In the related art, a photolithography technology has been widely used to fabricate a fine pattern to manufacture a large-scale integration (LSI) circuit. However, the photolithography technology has a problem in that it is difficult to fabricate a pattern having a size smaller than a wavelength of the light used in exposure. In addition, as another fine pattern fabrication technology, there is known a mask pattern lithography technology (EB method) using an electron beam lithography system. However, in the EB method, a lithograph time increases as the number of lithograph patterns increases because of directly forming a mask pattern by lithography using electron beams, and a throughput until pattern formation significantly decreases. In addition, a problem also occurs in that costs of apparatuses increase in such methods due to high-precision control for a mask position in a photolithography exposure apparatus or a large size of the electron beam lithography system in the EB exposure apparatus.
As a fine pattern fabrication technology capable of addressing such problems, there is known a nanoimprint lithography technology. In the nanoimprint lithography technology, a fine pattern formed on a mold is transferred onto a surface of a transfer target substrate by pressing the mold having a fine pattern of nanoscale to a resist film formed on a surface of the transfer target substrate.
FIGS. 1A and 1B are explanatory diagrams illustrating an exemplary nanoimprint lithography method. Referring to FIG. 1A, in order to form a concavo-convex structure on a surface of a desired substrate (object to be processed) 1001, a fine pattern 1003 formed on a mold 1002 is pressed to the object 1001 to be processed by applying a nanoimprint lithography method.
In a case where a fine pattern 1003 is used as a mask for fabricating the object 1001 to be processed, the fine pattern 1003 is made of a transfer material serving as a mask when the object 1001 to be processed is fabricated.
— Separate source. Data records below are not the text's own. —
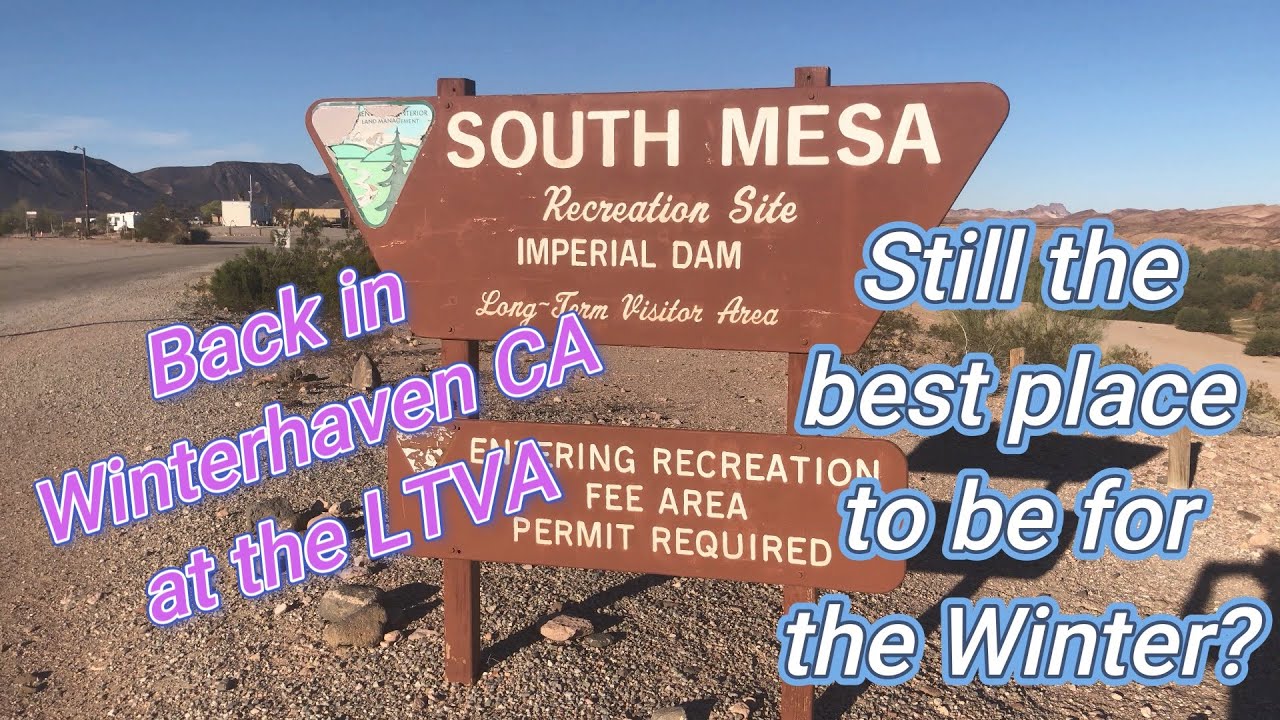 SNOWBIRDS! Back at the LTVA in Winterhaven CA. We believe it's the best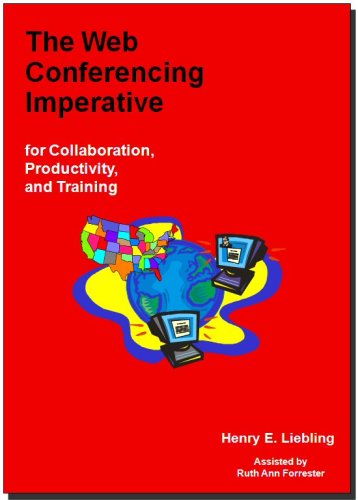 Stock image for The Web Conferencing Imperative for Collaboration, Productivity, and Training for sale by Revaluation Books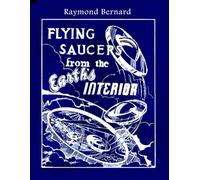Flying Saucers from the Earth's Interior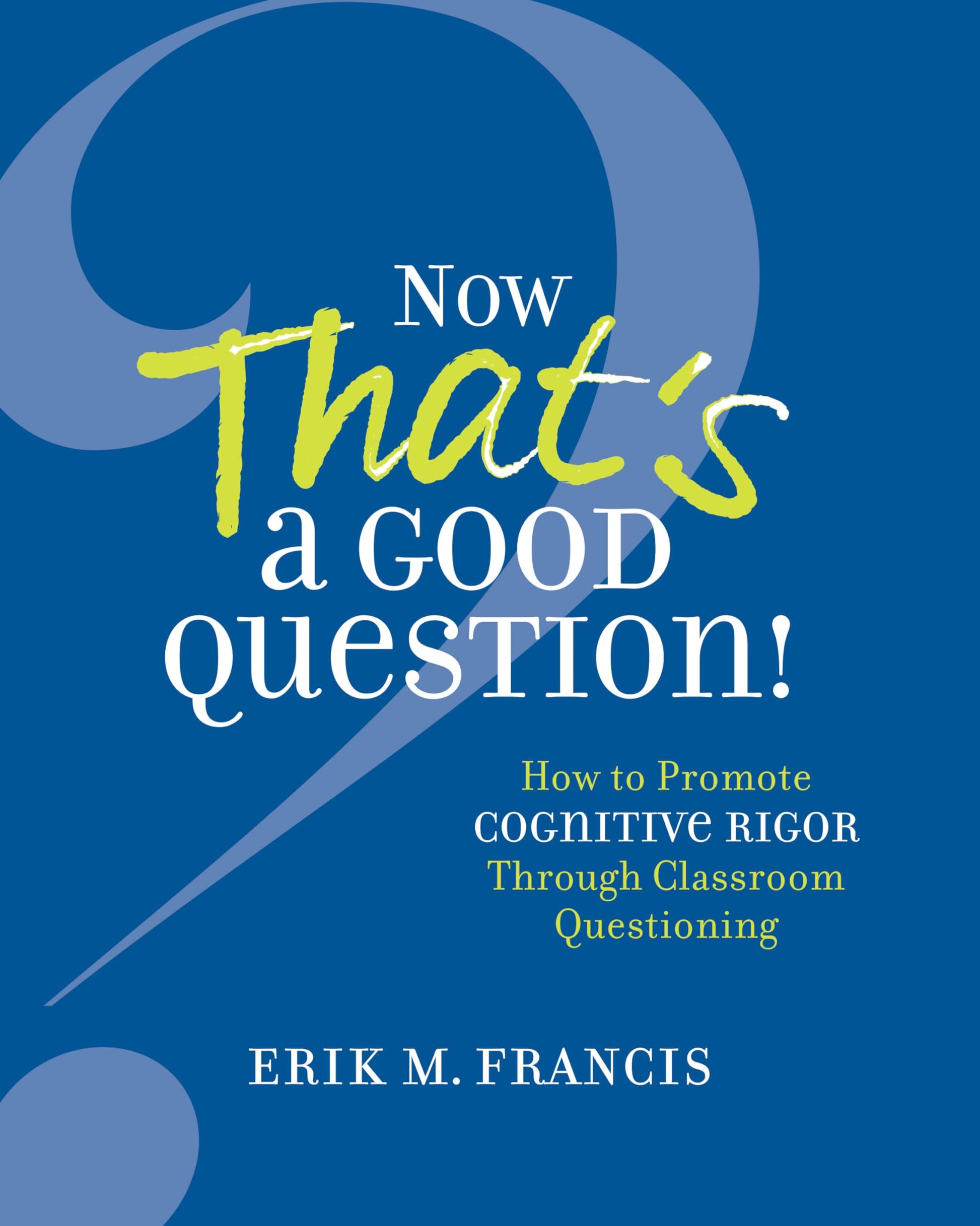 Now That's a Good Question!: How to Promote Cognitive Rigor Through Classroom Questioning The Happy Book Stack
When the transfer is performed, it is necessary to reduce a remaining film thickness T. In order to reduce the remaining film thickness T, it is necessary to reduce a thickness of the coating of the transfer material and press it with a high pressure for a long time and the likes. However, as the thickness of the coating is reduced, the object 1001 to be processed becomes susceptible to roughness or particles existing on a surface of the object 1001 to be processed, and moreover a transfer material may be unsatisfactorily filled in the concavo-convex structure of the mold 1002, or vapors may be incorporated. If pressing is made for a long time, throughput reliability is degraded. In addition, in order to uniformly form the thin remaining film, it is also necessary to use a special apparatus having a minute pressure distribution. Particularly, it is known that it is very difficult to form a homogeneous thin remaining film in a large scale. For these problems, it is difficult to take overall advantages such as transferability in a large scale, convenience, or throughput reliability of the nanoimprint lithography considered to be industrially superior.
Meanwhile, in a case where a fine pattern having a high aspect ratio is formed on the object 1001 to be processed, it is necessary to increase an aspect ratio of the fine pattern formed on a surface of the mold 1002. However, as the aspect ratio of the fine pattern formed on a surface of the mold 1002 increases, a filling error may be easily generated, and a demolding error such as a breakdown of the fine pattern 1003 may be easily generated when the mold 1002 is removed. As illustrated in FIG. 1B, in order to form the fine pattern 1003 having a high aspect ratio on the object 1001 to be processed, a method has been proposed, in which an organic layer 1004 (mask layer) is provided on the object 1001 to be processed, a fine pattern 1003 is formed on the organic layer 1004, and the organic layer 1004 is fabricated by using the fine pattern 1003 as a mask. However, even when the fine pattern 1003 is used as a mask for fabricating the organic layer 1004, the aforementioned problems still exist.
Among them, a method of forming a fine mask pattern having a thin or no remaining film T has been proposed (refer to Japanese Unexamined Patent Application No. 2011-66273). In Japanese Unexamined Patent Application No. 2011-66273, first, a mask material film is directly formed on a concavo-convex structure having unevenness on a surface. Subsequently, the remaining film T is thinned or has a zero thickness by performing etch-back for the mask material film (a thickness of the mask material film arranged on the concavo-convex structure of the mold is thinned). Then, a substrate is laminated to the mask material, and, finally, ashing is performed for the mold side, so that a fine mask pattern having no remaining film T excluding a fine structure in the mold is obtained.